Once you find the line with "To add a bit" in the listing below, set down exactly every line from it through the line with "We want to connect", but no pictures.
::: GIVEN INFORMATION
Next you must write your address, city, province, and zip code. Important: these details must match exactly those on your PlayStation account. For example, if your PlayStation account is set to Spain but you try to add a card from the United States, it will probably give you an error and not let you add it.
::::::
::: GIVEN INFORMATION
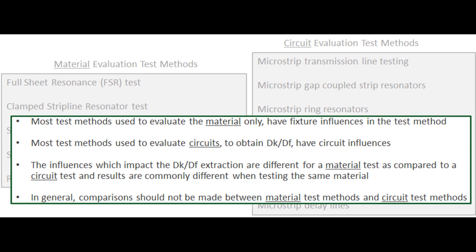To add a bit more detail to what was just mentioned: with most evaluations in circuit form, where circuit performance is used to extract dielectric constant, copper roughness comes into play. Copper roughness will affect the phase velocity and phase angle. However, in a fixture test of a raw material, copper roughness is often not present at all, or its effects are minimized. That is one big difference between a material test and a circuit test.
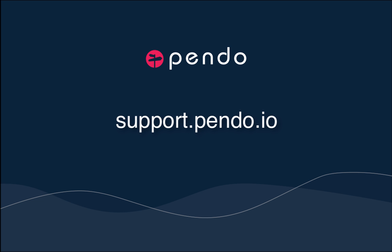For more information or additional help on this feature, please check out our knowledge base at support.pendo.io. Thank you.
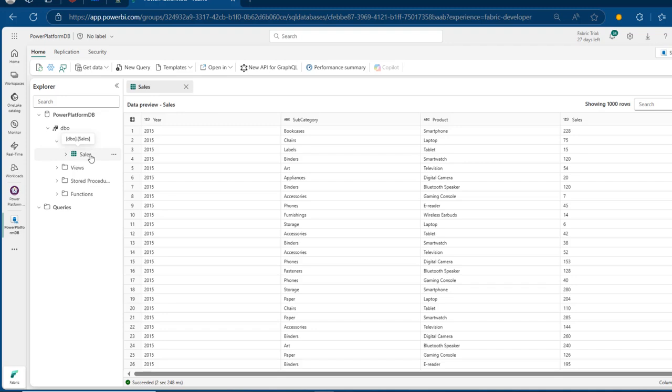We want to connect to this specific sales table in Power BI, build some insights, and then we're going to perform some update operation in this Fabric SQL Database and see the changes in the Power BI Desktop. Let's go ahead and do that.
::::::
REPLY TO THE EXERCISE:
To add a bit more detail to what was just mentioned: with most evaluations in circuit form, where circuit performance is used to extract dielectric constant, copper roughness comes into play. Copper roughness will affect the phase velocity and phase angle. However, in a fixture test of a raw material, copper roughness is often not present at all, or its effects are minimized. That is one big difference between a material test and a circuit test.
For more information or additional help on this feature, please check out our knowledge base at support.pendo.io. Thank you.
We want to connect to this specific sales table in Power BI, build some insights, and then we're going to perform some update operation in this Fabric SQL Database and see the changes in the Power BI Desktop. Let's go ahead and do that.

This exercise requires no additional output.